Work required: What is needed is an exact copy of every line from the one with "A nice harbor" to the end of the entries below, without the pictures.

Task inputs:
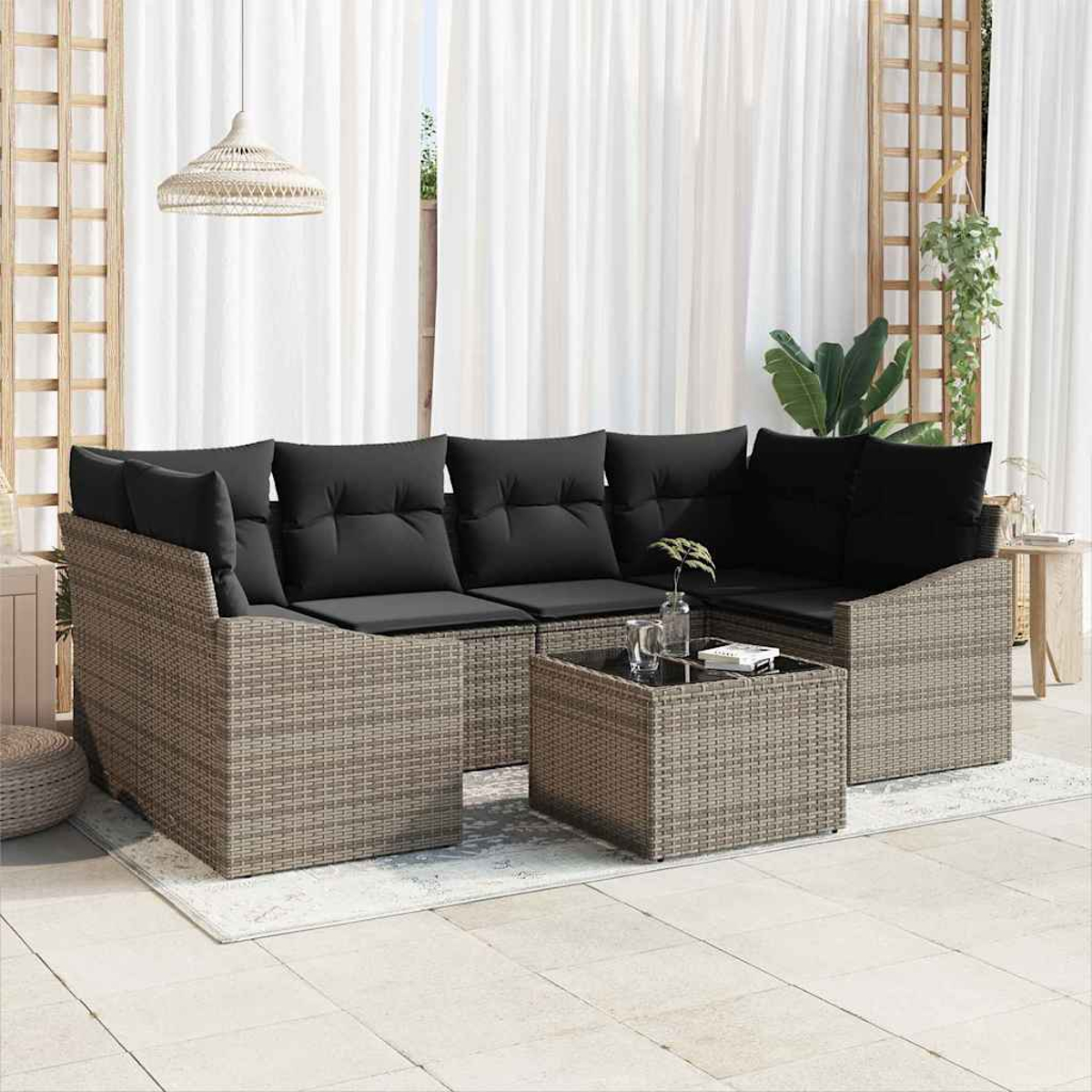 Outdoor-Geflechtsitzgruppe mit schwarzen Kissen, einem quadratischen Tisch und durchsichtigen weißen Vorhängen im Hintergrund.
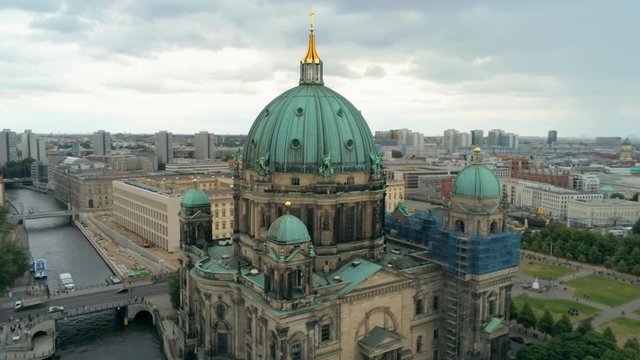 Berlin Cathedral Church - main evangelical church on Museum Island in the Mitte borough in Berlin, Germany, called Berliner Dom. 4K Aerial Panorama of European Capital Cityscape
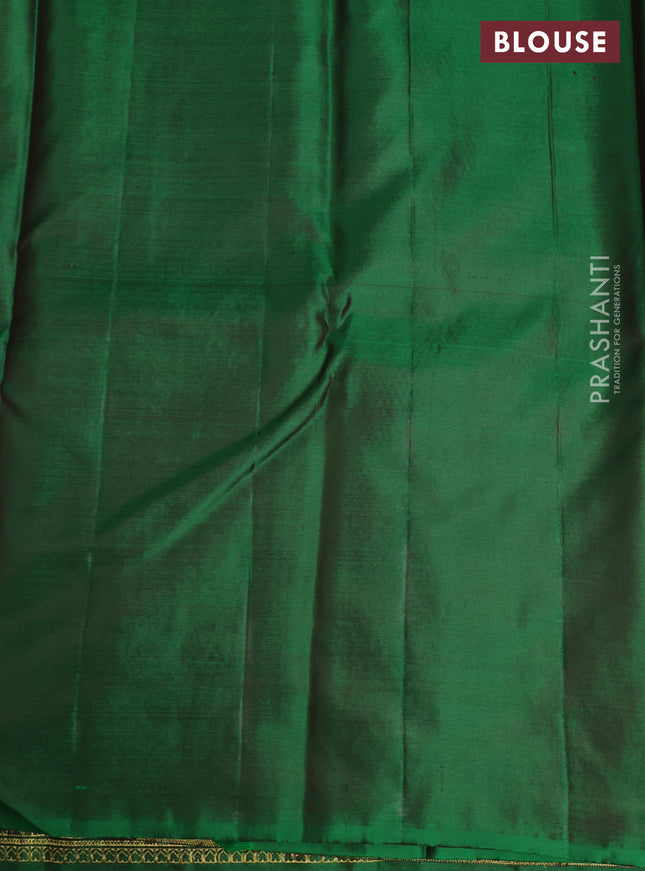 Pure kanchipuram silk saree dual shade of green with floral motifs and long rich zari wover korvai border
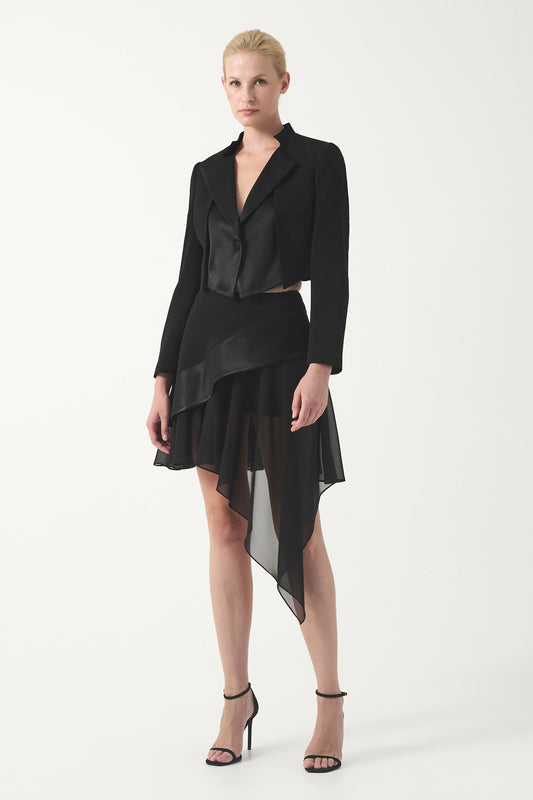 Cropped jacket with an asymmetric layered skirt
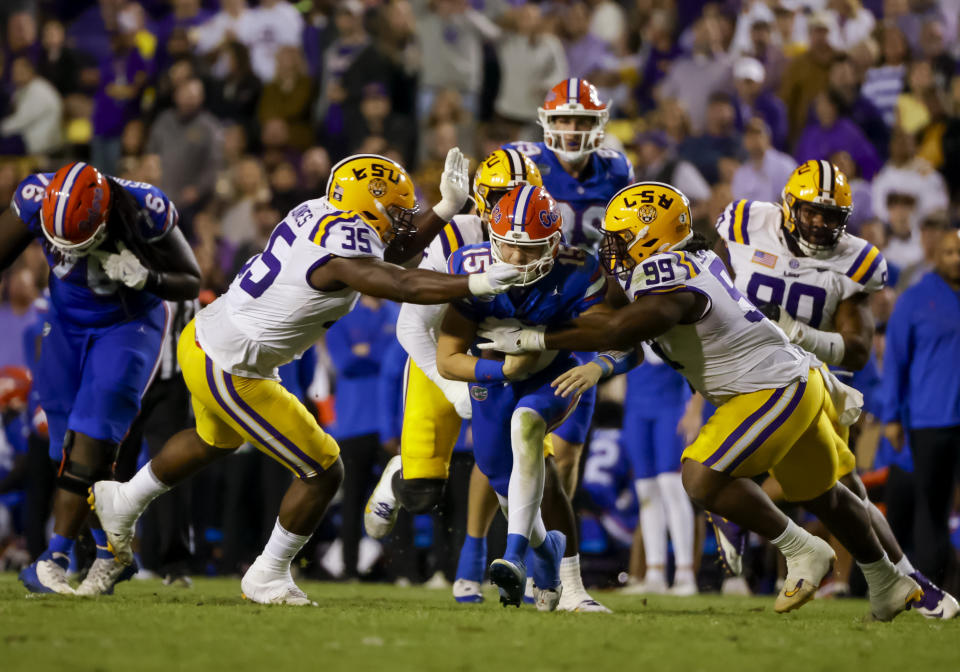 LSU defensive tackle Jordan Jefferson (99) and defensive end Sai'vion Jones (35) combine to tackle Florida quarterback Graham Mertz (15) during the second half of an NCAA college football game in Baton Rouge, La., Saturday, Nov. 11, 2023. (AP Photo/Derick Hingle)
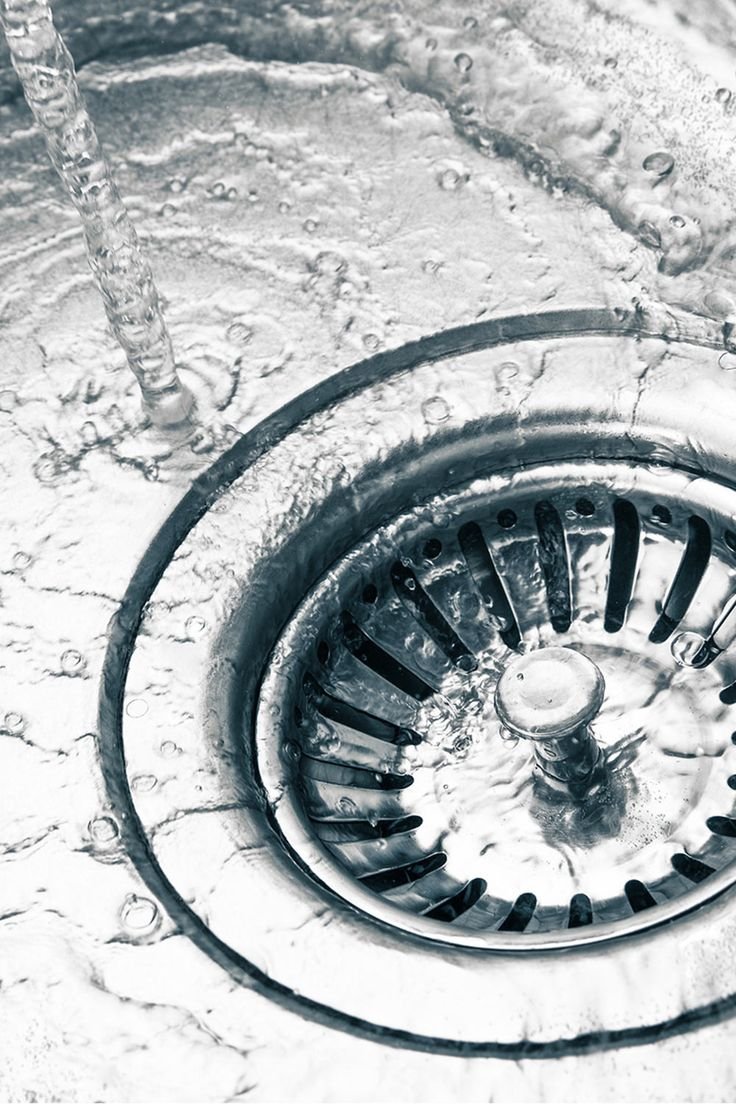 Water flowing freely into a clean sink drain after professional drain cleaning service.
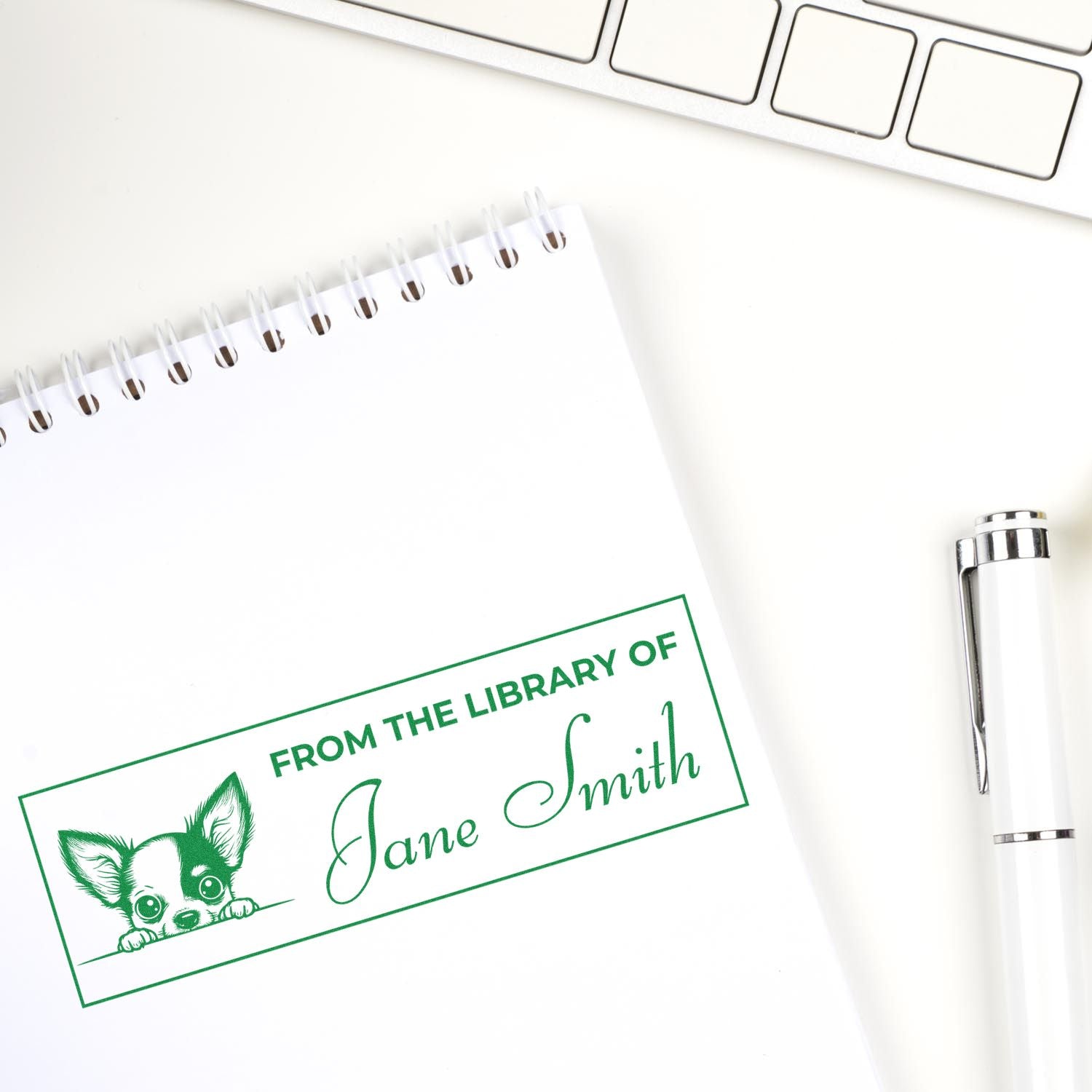 Custom rubber library stamp with dog design and Jane Smith name, perfect for personalized book ownership labeling.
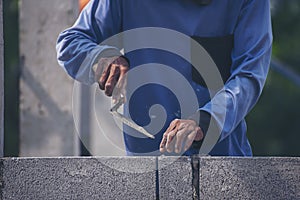 Closeup hands of the workers were plastering cement concrete on the walls with trowel at house construction site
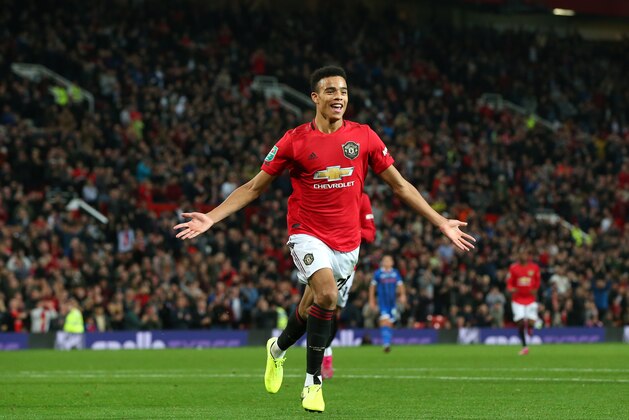 MANCHESTER, ENGLAND - SEPTEMBER 25: Mason Greenwood of Manchester United celebrates scoring his teams first goal of the game during the Carabao Cup Third Round match between Manchester United and Rochdale at Old Trafford on September 25, 2019 in Manchester, England. (Photo by Alex Livesey/Getty Images)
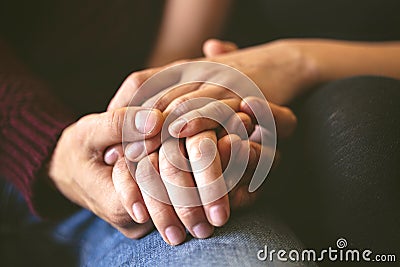 Sweet couple holding hands close up Stock Photo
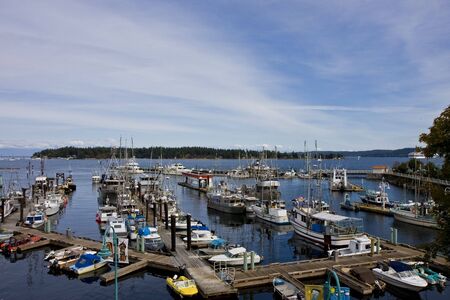 A nice harbor with many boats under a partly cloudy skyの写真素材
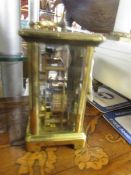 A brass carriage clock.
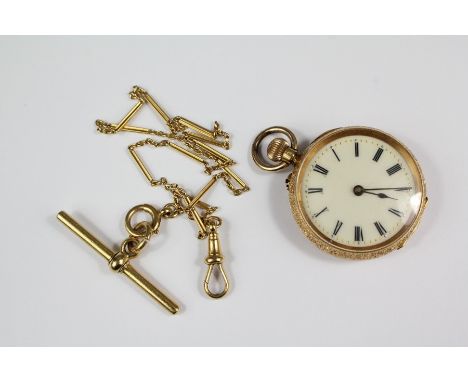 18ct Continental yellow gold lady's watch and fob, the watch having a floral engraved case with white enamel face with numeri
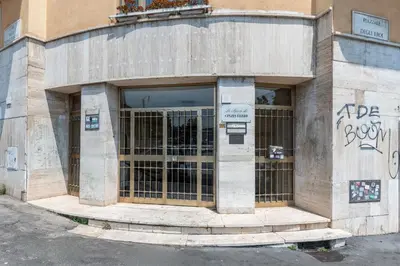 a building with a door with graffiti on it at Vatican Cozy Studio in Rome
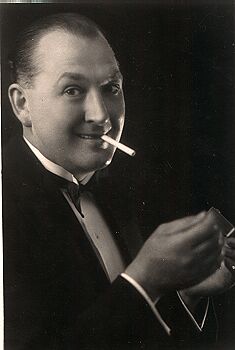 Studio portrait of Billy Matchett in evening dress, cigarette in mouth, grinning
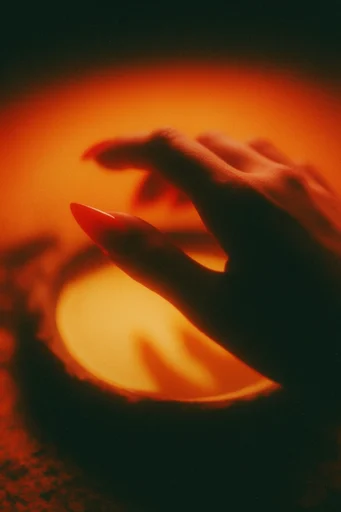 Cinematic Amber Noir style reference image — cinematic chiaroscuro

Answer below:
 A nice harbor with many boats under a partly cloudy skyの写真素材
 A brass carriage clock.
 18ct Continental yellow gold lady's watch and fob, the watch having a floral engraved case with white enamel face with numeri
 a building with a door with graffiti on it at Vatican Cozy Studio in Rome
 Studio portrait of Billy Matchett in evening dress, cigarette in mouth, grinning
 Cinematic Amber Noir style reference image — cinematic chiaroscuro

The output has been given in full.